To closely model thought we have a one dimensional medium. It seems Science is best served by thinking in a stream; So is Art better serviced by thinking in a sea?


The two dimensional media escape all but a few. The ability to draw or present web sites would be good examples of two dimensional media. Anything that leaves an image that is singular in nature during its time of sense.


Three dimensional media escape from thought entirely into new realms of meaninglessness. We find here games, especially of the virutal role player variety where an electronic iconic thing is moving a world about it.


It would seem that the more complex the thought model, the less sophisticated a story it can bear.


These models of reality take more horsepower than - say - a game of chess. But chess, only requiring a sort of two dimensional thought, has more story possibilities than an episode of Dragonball Z.


To try and draw it into two dimensions, we try and watch it in Japanese rather than American as the music is more convincing.

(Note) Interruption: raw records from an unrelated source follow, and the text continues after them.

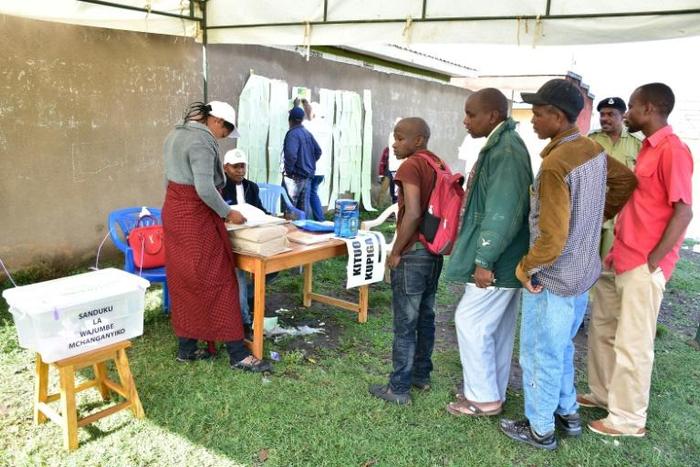 Residents queue to vote at a polling station during the local elections in the town of Arusha, north Tanzania, on November 24, 2019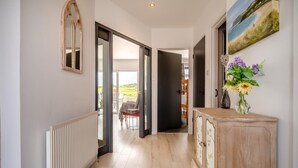 A hallway with a radiator, a wooden cabinet, and a painting on the wall.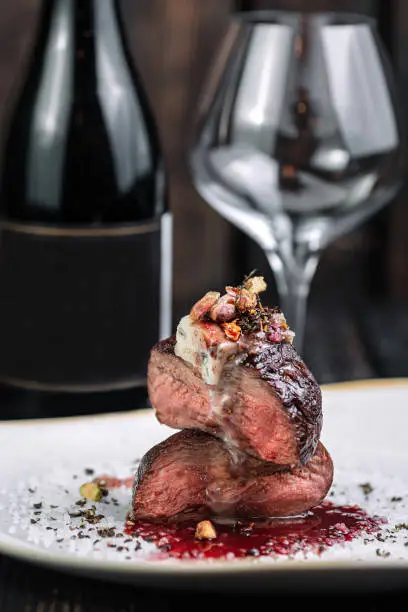 Tenderloin steak on irregular shape plate with wineglass and bottle of wine and wineglass on dark background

Programming is a kind of four or five dimensional model of thought, and web programming used to be a five or six dimensional model with templates, sql files and all manner of support files.


The more complex the model, remember, the harder it is to be creative with it. Therefore the second generation of web creativity actually slipped into more meaningless complexity. VRML is all very good in the laboratory, but there are few real world applications, except the obvious one, a VRML webcam could be interesting.


Anything that models the human body gives a chess like complexity to strategy games, so we get three dimensional thinking (try to see this is three dimensions of the stuff or media of thought, rather than spacial thinking) occuring in a more complex medium. These games are almost too much for humanity to bear.


They are so addictive that this article could be interrupted by yourself, or already carry the scars of a reboot, because I had to look in to some artificial world.


VRML games, being by their nature complex, are profoundly similar in contexts. There are only so many things you can do when being a viewpoint.


This is why the ASP/PHP model of development is superior.

Applying Fusebox methodology is also brilliant, but is that not using a lower dimensional (mechanical) medium in order to add intelligence to the higher dimensional media?


It works for business applications, but I would rather do a complex interdependent world model using object oriented language than assembler anyday. Reduction of the number of components to work with allows more productivity.


Reduction of the task into smaller tasks allows a more functional and reusable set of working components leaps into new territory. This is not to be construed as an argument for or against Fusebox, but an line of reasoning, to progress to more complex interactions of objects in our thinking.


BTW blogging is a one dimensional media taken to absurd delights.


DISCLAIMER: Views expressed herein are conjecture and do not form part of any particular development strategy.